Lee called me over and I was introduced as the Godfather teams' third driver. Do you realize I've had to keep my mouth shut about that since October? I even had to be coy about it here, which made me feel like a fake. But that's all over now, baby blue. Here's how it went down...

After I shook hands with Hal, Rick and Jeff from Godfather and Freddie, their first driver, I talked to Shawn.
"It's some personal stuff, man," was how he answered the question. I thought it must be some pretty serious personal stuff for him to walk away from a shot like this, so I didn't ask him to elaborate. I still can't honestly say I know exactly why he made that decision, but I sure wasn't going to press it at the time.

I took over on the night after the race at Lanier with two days and three races to go and one hell of a deficit in points. The Godfather team had become a little skeptical of drivers by this point, but their attitude tended toward the "we want to win, but we know it's just a show, so let's have fun," side of things. This was clearly a team with their priorities in order; they were the ones who, within hours of finding out they'd have to spend another night in the trailer, had hooked it up with a hot tub, brought in a friend with a large grill to cook them steaks, and adorned the Chateau Le Dump with Christmas lights and a sign saying "Godfather Bed & Breakfast." I liked their style.

I got up the next day and went to the set feeling pretty much the same way I imagine Lyle Lovett did when he first got Julia Roberts's number. This was the final modification day, and it was about time for me to get in the car I'd be racing tomorrow for the first time. My crew chief, Rick, came back from a test run and was asked how the car was doing.

"I think it runs like a scalded dawg for what it is," he answered. "You want to take it out for a spin, Xbox?" He and I jumped into the Z for my first test run.
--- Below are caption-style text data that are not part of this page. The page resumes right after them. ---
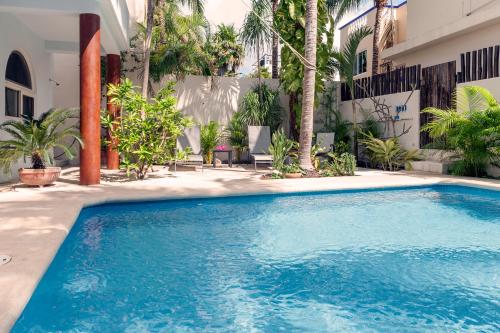 a swimming pool in front of a building at Casa Sonoma - Charming Condos Minutes from Beach & Reef in Puerto Morelos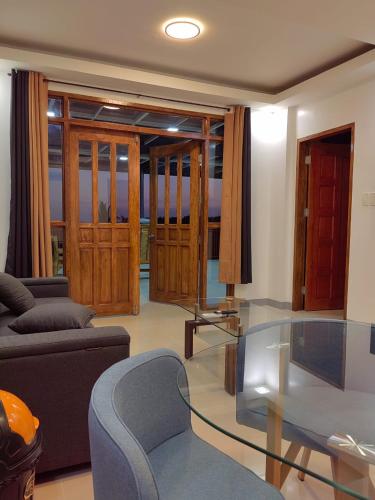 a living room with a glass table and a couch at Michael's Apartment in Moalboal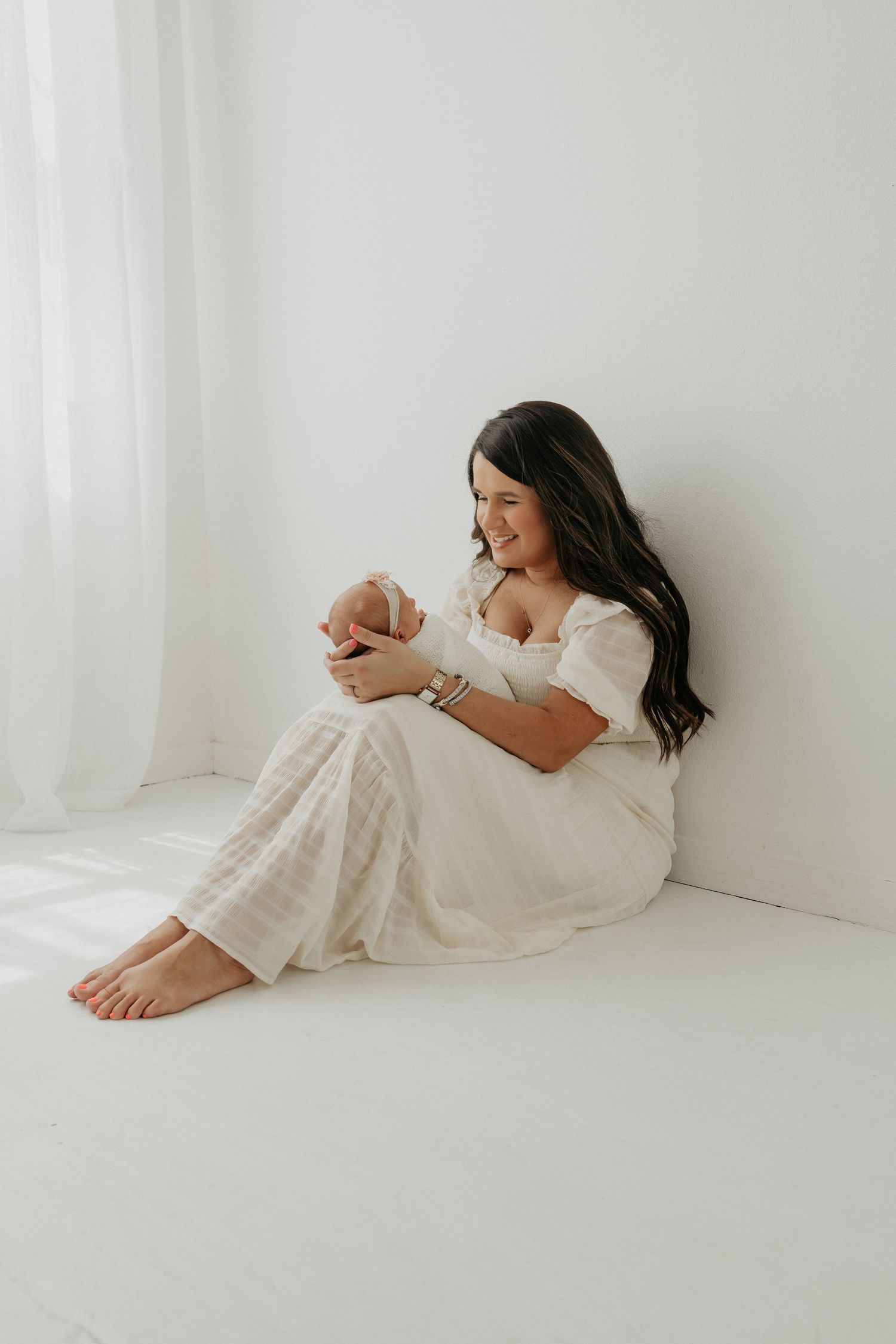 Mother in white dress lying on floor bonding with baby in minimalist setting.
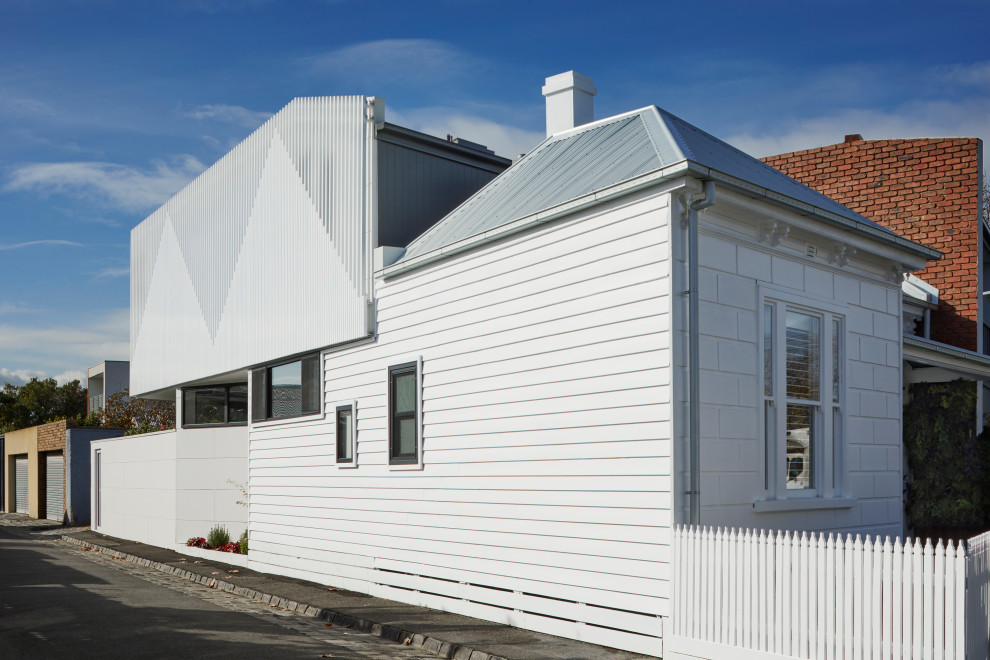 Immagine della villa piccola bianca contemporanea a due piani con rivestimento in metallo, tetto piano e copertura in metallo o lamiera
A note on that: You may have noticed people calling me "Xbox" on the show. I probably had the fewest hours on-track out of all the drivers on the show. I'm barely a weekend warrior with some experience at track days and autocrosses over the past four years. When I was 17 I received as a present a trip to the Skip Barber School of Advanced Driving up at Lime Rock, but that was ten years ago by the time I filmed the show. I'd found out about Forza Motorsport Showdown on the website the game developers created for Forza 2, the game the show was meant to hype. I entered a form and was chosen, cast as the "gamer" on the show. I like the game a lot, but I'd never even played in online, so "gamer" might have been too strong a term. But if that's what got me in, so be it. Tony, the crew chief of the Challenger, started calling me Xbox and the nickname stuck. He's also the one who christened the trailer out back the Chateau Le Dump, so I guess he had a flair for that sort of thing.

I got in the Godfather Z with Rick, who sat on the floorpan and hung onto the roll cage as I drove. The car took off well and really slapped your head back when the single T3/T4 turbo spooled up. We ripped through the north Georgia countryside for a while (the upgraded brakes were fantastic) until the motor started to choke high in the rev range. It would pull like crazy up until about 2,000 rpm shy of redline and suddenly run out of steam, managing only another 200 rpm before it would go no further. I had no idea what made it misbehave. ("Tuner" is another word that wouldn't apply to me.) We took the car back to the shop and the crew took a look at it... and the 100-shot nitrous kit they'd picked up after the last race knowing there would be one last drag event. They decided the bottle would do less damage as a paperweight and left it off the car. The cameras would catch me later on that day as I talked with Ken, Jace and Angela, who were doing some smack talking to hide their fear of racing against me the next day. Um... or something.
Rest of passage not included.